(YOUR GOAL):
Please repeat, exactly as they stand, the line containing "Obraz premium railway" and the lines after it through the final line of the listing below, minus pictures.

(INPUT DATA):
* * * * *
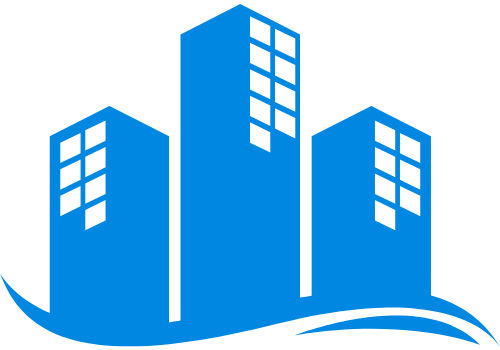 Een blauw gebouwpictogram met een golf op de achtergrond.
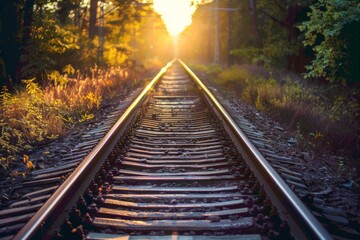 Obraz premium railway in autumn - Created with Generative AI Technology. Beautiful simple AI generated image in 4K, unique.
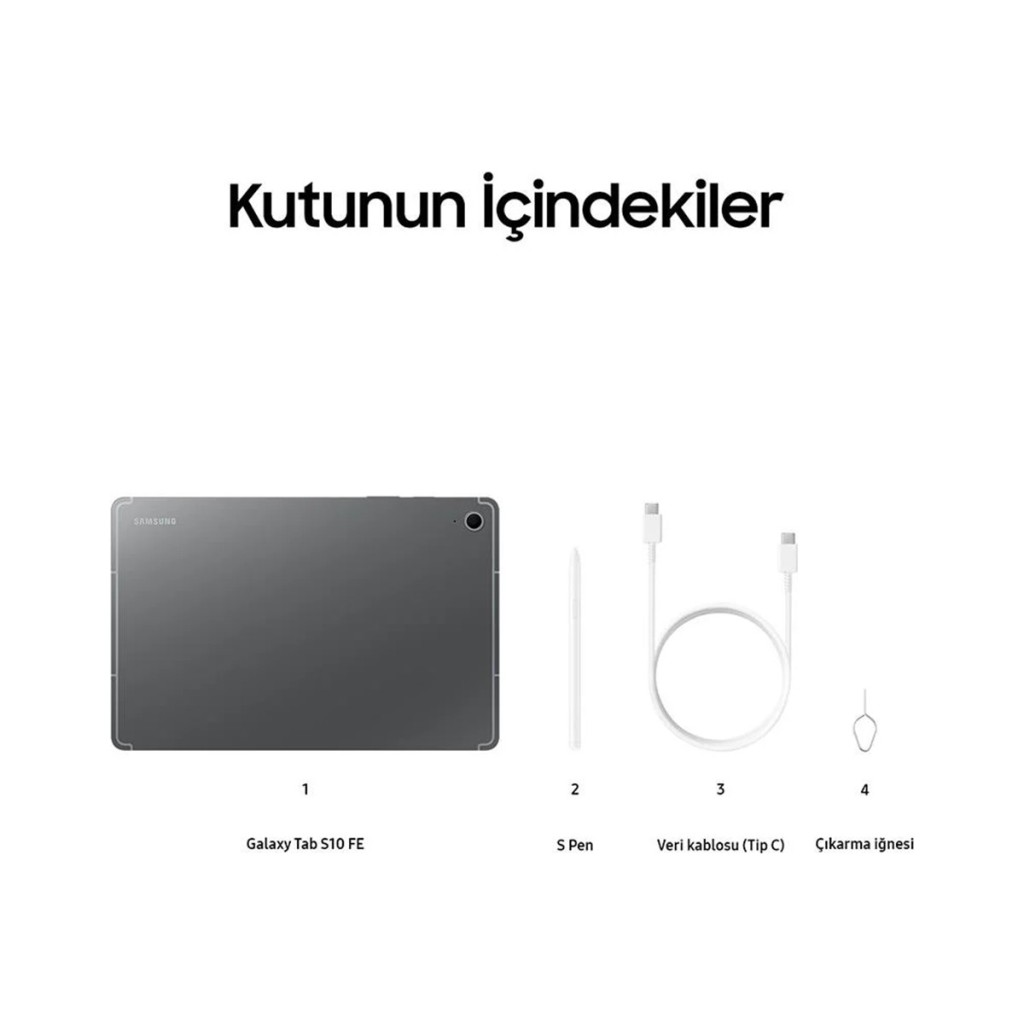 Galaxy Tab S10 FE kutu içeriği: tablet, S Pen, Tip-C kablo ve çıkarma iğnesi.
* * * * *
(EXPECTED ANSWER):
 Obraz premium railway in autumn - Created with Generative AI Technology. Beautiful simple AI generated image in 4K, unique.
 Galaxy Tab S10 FE kutu içeriği: tablet, S Pen, Tip-C kablo ve çıkarma iğnesi.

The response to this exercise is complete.